Since the charges against Pierce were dropped in 2003, Pierce had had several other run-ins with police. Notably, in April 2008, after he was pulled over for speeding in Collin County, police say he fled the scene, hurting an officer in the process. Pierce denied that he hurt anyone. (For more, see “Family Questions Pierce’s Arrest,” May 9, 2008.)

The inquiry into the circumstances surrounding Pierce’s death is still ongoing and will be presented to a grand jury upon completion, says APD spokeswoman Anna Sabana. According to APD Cmdr. Don Baker, police supervisors determined that Wilson was fit to return to duty despite the ongoing investigation. Before Chief Art Acevedo took the helm in 2007, it was standard practice for an officer to remain on administrative leave until the closing of an inquiry and presentation before a grand jury; such decisions are now discretionary.
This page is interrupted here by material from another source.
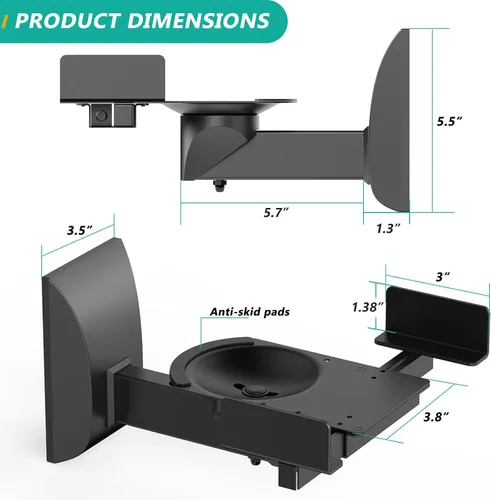 Miniatura 4 de WALI Soportes de pared para altavoces, soporte de montaje de estantería con sujeción lateral doble para altavoces de sonido envolvente grandes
There are, essentially, three concurrent lines of inquiry surrounding Pierce: the criminal investigation into his death, the internal affairs investigation into whether Wilson violated any departmental policies in connection with the fatal event, and the continuing investigation into the yogurt-shop slayings. Sabana says that investigators on the yogurt-shop case are “moving forward” with other lines of inquiry and are not exclusively focusing on Pierce or the other three suspects initially charged with the crime. Still, they approached the family in an effort to find out whether, “now that he has passed, if there is anything they want to say” to police about Pierce’s possible involvement in the murders.

Baker said internal affairs investigators still plan to talk with family members about Pierce’s actions the night of his death, but much of the inquiry will not involve the family because none of them were with Pierce when he was shot. Moreover, police say, officers handling the criminal inquiry have tried on several occasions to contact the family but have not had their calls returned. It seems part of the problem is that cold case detectives were the first to contact them; those conversations were rather confrontational, souring the family’s feelings toward investigators.

According to Reyna, the detectives she’s spoken with insist that the family knows Pierce was involved in the crime and came to her workplace to grill her about the night of the murders. “We know you know what happened and who he was there [at the yogurt shop] with,” she recalls them telling her. “I told them they were barking up the wrong tree.” She says they insisted that they had evidence connecting Pierce to the crime. If that were the case, she asks, why didn’t they ever rearrest and charge him with the crime? Pierce’s wife has maintained that he gave her a ride home on the night of the murders and that the timing would have made it impossible for Pierce to participate in them.* Reyna says she remembers her brother coming home that night and watching TV coverage of the crime with the family; he thought the news was “terrible,” she recalls.

The family says that police continued to harass Maurice Pierce after the charges against him were dismissed in January 2003. Pierce often thought police were following him, Reyna says, and other members of the family, including her adult sons, saw police tailing them on occasion. Pierce said over the years, “I feel like I’m being followed,” Reyna recalls. “Every­where I go, they’re there.”

Though the exact circumstances of Pierce’s death are still under investigation, family members doubt they will get straight answers from APD. According to police, Pierce ran a stop sign and, when he was pulled over, fled on foot. When Wilson caught up with him, police say, Pierce fought with the officer, grabbed his knife, and sliced Wilson’s throat; Wilson was then able to get his handgun and shoot Pierce, killing him. Reyna doesn’t believe that Pierce would try to hurt an officer. Instead, she thinks her brother might have come upon the knife while trying to defend himself against the officer’s aggression.

The case is expected to be presented to a grand jury later this spring.

*Corrected from original publication.